# Emotionally draining INLAWS!



## Ruthie82

Hello I wonder if anyone can help, perhaps have had a similar situation or know of any strategies of dealing with certain types of people!!

My bil and his gf got pregnant straight away after being told 'you should try straight away you may have problems'. DH and I said before they even got pregnant we hope you don't have our trouble (4years of trying, IVF etc) when you get pregnant we may like space. They said yes that is fine. Bil told us the news and we said congratulations, glad it worked straight away, said about space again. Since then we have had texts and phone calls. One asking my dh to ring the gf to congratulate her as she is upset you haven't! Amongst other things. Lack of understanding and ignorance to say the least since the news. Not helped by mil saying her two pence worth!!!

We met up recently and was met with no desire for them to respect our wishes. It resulted in the gf saying 'if you can't be apart of it now you can't just decide to be when the baby is here'!!!I had to leave at this point it was the last straw for me. My dh stayed and the three of them continued to chat while I started to walk home! (after waiting ten minutes to allow dh time to come and see if I was ok)!

Mil assumes it is jealousy, obviously we are envious but I don't feel jealous esp after their recent behaviour. She (and bil and gf) can't see that we are grieving and in pain of the last four years and all we wanted was time. Instead they have been suffocation and relentless. The agony of us not conceiving has been made worsened by the lack of space and understanding by those who should at least provide it for my husband if not us both. I love babies, I would have enjoyed time with the baby on arrival but why we couldn't have time now before the birth I will never understand. Our counsellor thinks that bil wants dh exceptance, perhaps this is true. 

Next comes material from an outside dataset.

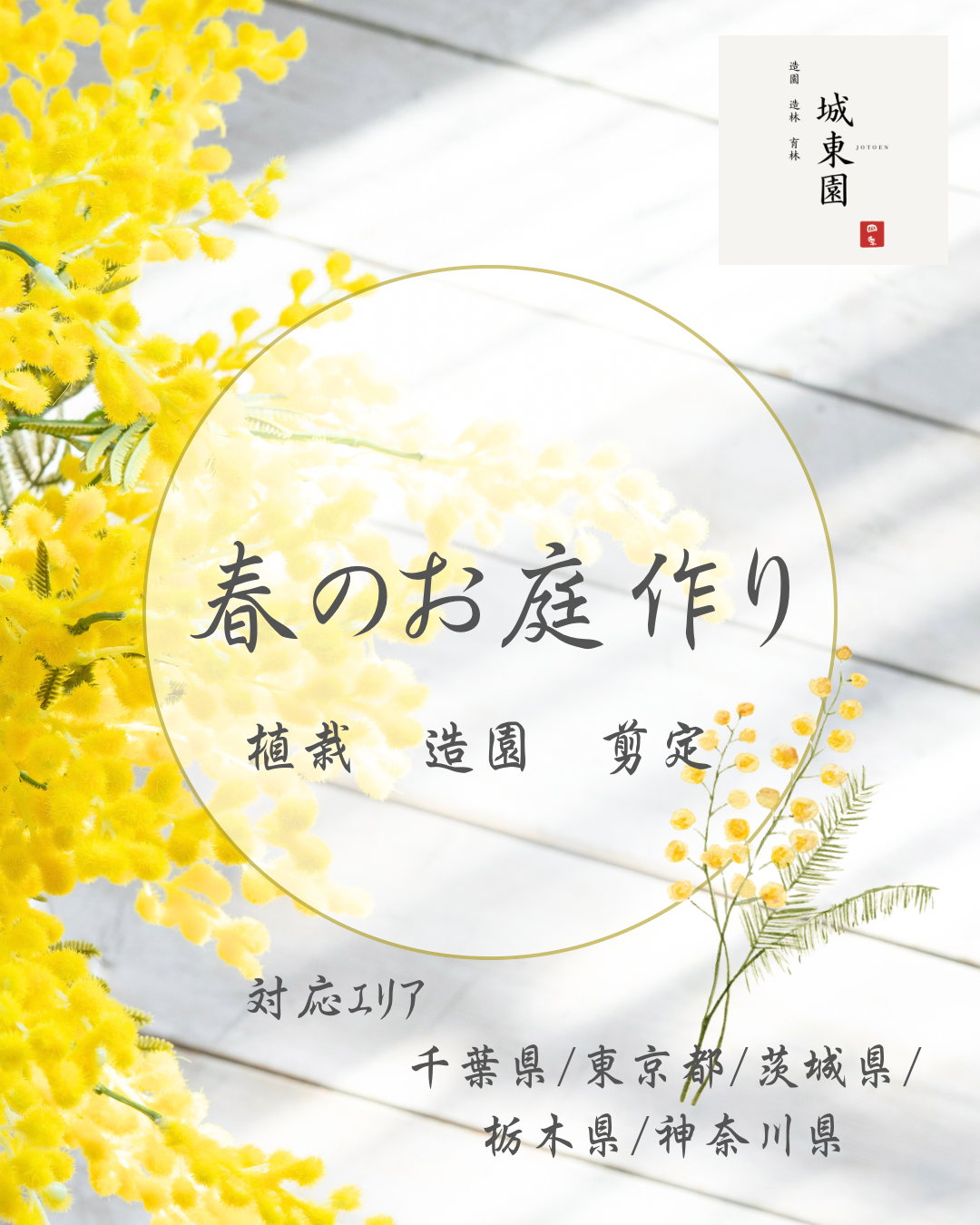 季節の植木販売。の画像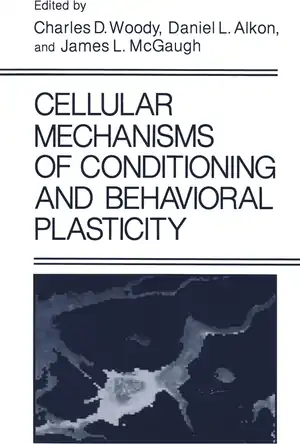 Buchcover ISBN 9781475796124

It comes back to what we often write of FF People can be supportive when going through treatment but when treatment ends or your in between it is assumed everything is alright! 

RANT over, I have sucked out the last of any energy I have on this to be honest.


----------



## Moonshadow_73

Hi Ruthie

Sadly I think the only ones who can ever fully grasp how painful it can be are those who have trod the same road as us. I know I wouldn't have understood the depth of pain and grief IF causes, and how every day we face constant reminders of what we don't have. For the most part, our friends and family have been respectful of our need for space and have understood that hearing other people's 'happy news' can stir up a lot of mixed emotions.

I've tried to think what I would do in your shoes, I know I would find the situation really upsetting as you clearly do. Whilst I understand that they are caught up in their excitement and want to share it, it's pretty certain that they will have other people in their lives who can share their excitement without causing themselves a huge amount of pain. 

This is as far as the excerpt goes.